George Palade, Nobel Winner for Work Inspiring Modern Cell Biology, Dies at 95 By ANDREW POLLACK New York Times, October 9, 2008
LOS ANGELES — George E. Palade, whose discoveries about the intricate inner workings of cells helped give birth to the field of modern cell biology and earned him a Nobel Prize, died Tuesday at his home in Del Mar, Calif., at 95. The cause was complications of Parkinson’s disease, said his wife, Marilyn Farquhar.
Beginning in the 1940s, Dr. Palade (pronounced pah-LAH-dee) pioneered in using electron microscopy and other techniques to discover tiny structures within cells and to discern their functions. He discovered the ribosome, the cell’s protein-making factory, and helped explain the way proteins are transported out of the cell, as when a pancreatic cell secretes insulin, for example.
Such discoveries later proved useful in understanding diseases and in the protein production that is the basis of the biotechnology industry.
“In cell biology he is clearly the most influential scientist ever,” Günter Blobel, a professor at Rockefeller University, said Wednesday. Dr. Blobel, who was once a postdoctoral researcher in Dr. Palade’s laboratory, won a Nobel Prize of his own in 1999 for essentially following up on some of Dr. Palade’s discoveries.
Dr. Palade shared the Nobel Prize in Physiology or Medicine in 1974 with Albert Claude and Christian de Duve. Awarding the prize, the Karolinska Institute said the three had been “largely responsible for the creation of modern cell biology.”
In his acceptance speech, Dr. Palade said the new discoveries would lead to better understanding of diseases, many of which are caused by cellular dysfunction.
“Cell biology,” he said, “finally makes possible a century-old dream: that of analysis of diseases at the cellular level, the first step toward their final control.”
George Emil Palade was born on Nov. 19, 1912, in Iasi, Romania. His father, a professor of philosophy, had hoped the son would follow in his footsteps. But young George “preferred to deal with tangibles and specifics,” he would recall in the autobiography he wrote upon becoming a Nobel laureate.
He earned a medical degree from the University of Bucharest, but his interest was in basic science. So he went to New York University in 1946 for further studies and moved the next year to the Rockefeller Institute for Medical Research, now Rockefeller University, where a new field was being born.

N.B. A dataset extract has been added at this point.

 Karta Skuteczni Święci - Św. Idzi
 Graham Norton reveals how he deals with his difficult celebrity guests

Scientists had started examining cells using light microscopes in the 19th century. But those microscopes were not powerful enough to see structures much smaller than the cell nucleus, so the field of cell biology had stagnated.

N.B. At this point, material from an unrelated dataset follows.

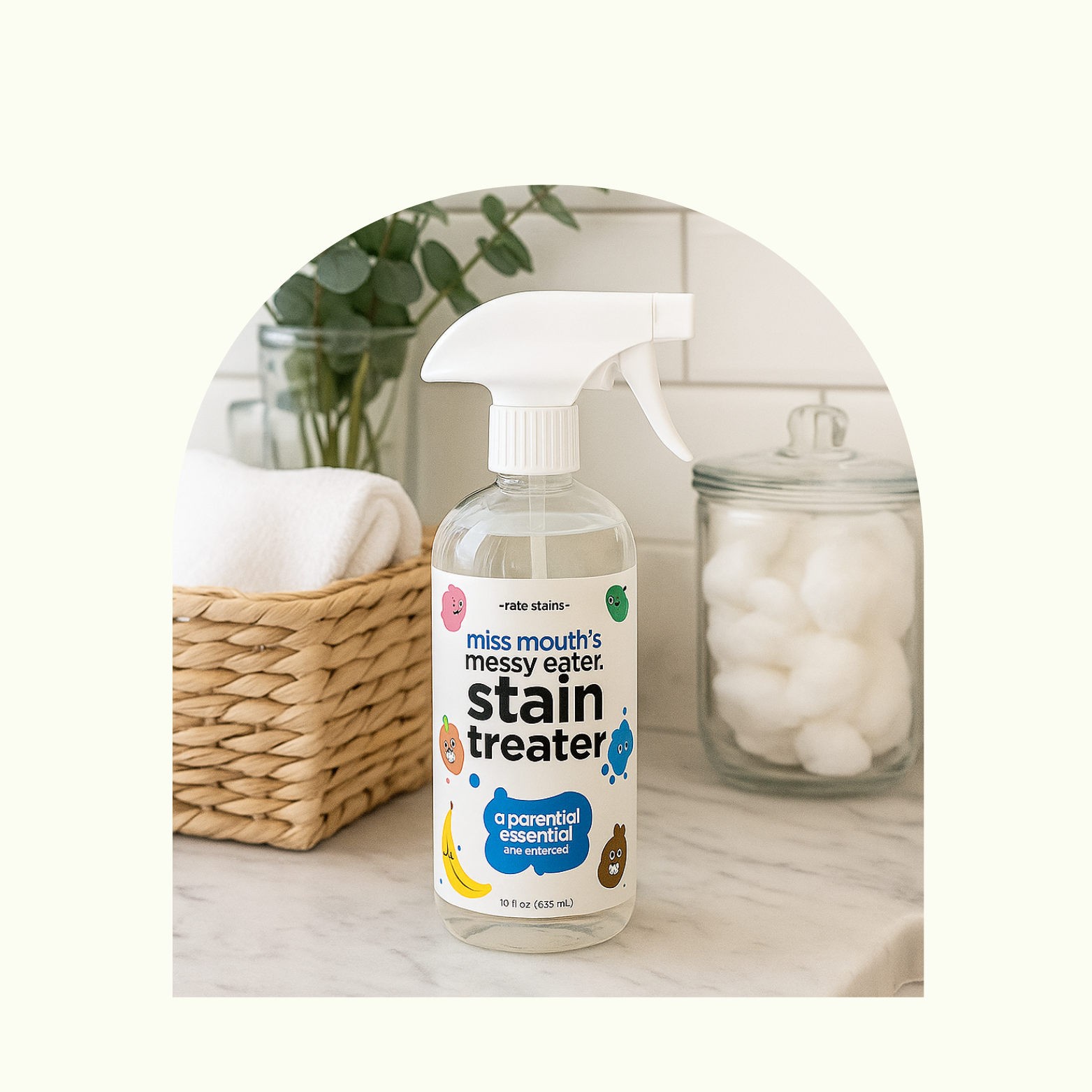 Détachant stain treater - Format maison (300 ml)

At Rockefeller, however, Dr. Claude had begun using a more powerful tool, the recently invented electron microscope. This was not a straightforward process, because the cells could be damaged as a result of it. But Dr. Palade helped refine electron microscopy of cells “to the highest degree of artistry,” the presenter of his Nobel Prize said.
He also helped develop a technique called cell fractionation, in which cells are broken apart and components are separated based on their density, using a centrifuge. This isolated each of the components so they could be studied.
In 1973, Dr. Palade moved to Yale, where he became the chairman of the new department of cell biology. In 1990, at 77, he became the first dean for scientific affairs at the School of Medicine at the University of California, San Diego. He retired in 2001. The school named a building for him in 2004, and a professorship was endowed in his name in 2006.
Dr. Palade won many awards other than the Nobel, including the Albert Lasker Basic Medical Research Award and the National Medal of Science. As the only Nobel laureate from Romania, he was well known and honored in that country.
Those who knew him say he gave eloquent lectures and had a knack for clearly summarizing complex information. He had a vast knowledge of art, history, music and literature — “an old-fashioned European gentleman,” said Gordon Gill, the current science dean at the San Diego medical school.
Dr. Palade also trained legions of scientists. When the medical school had a symposium in honor of his 85th birthday, people came from all over the world, Dr. Gill said.
One of Dr. Palade’s postdoctoral researchers, Dr. Farquhar, became his wife in 1970. The two maintained independent laboratories and scientific careers, though they sometimes collaborated. Dr. Farquhar is now chairwoman of the department of cellular and molecular medicine at the medical school.
In addition to his wife, Dr. Palade is survived by two children from an earlier marriage, Georgia Van Dusen of Manhattan and Philip Palade, a professor of pharmacology at the University of Arkansas at Little Rock; two stepchildren, Douglas Farquhar and Bruce Farquhar, both of San Diego; and two granddaughters.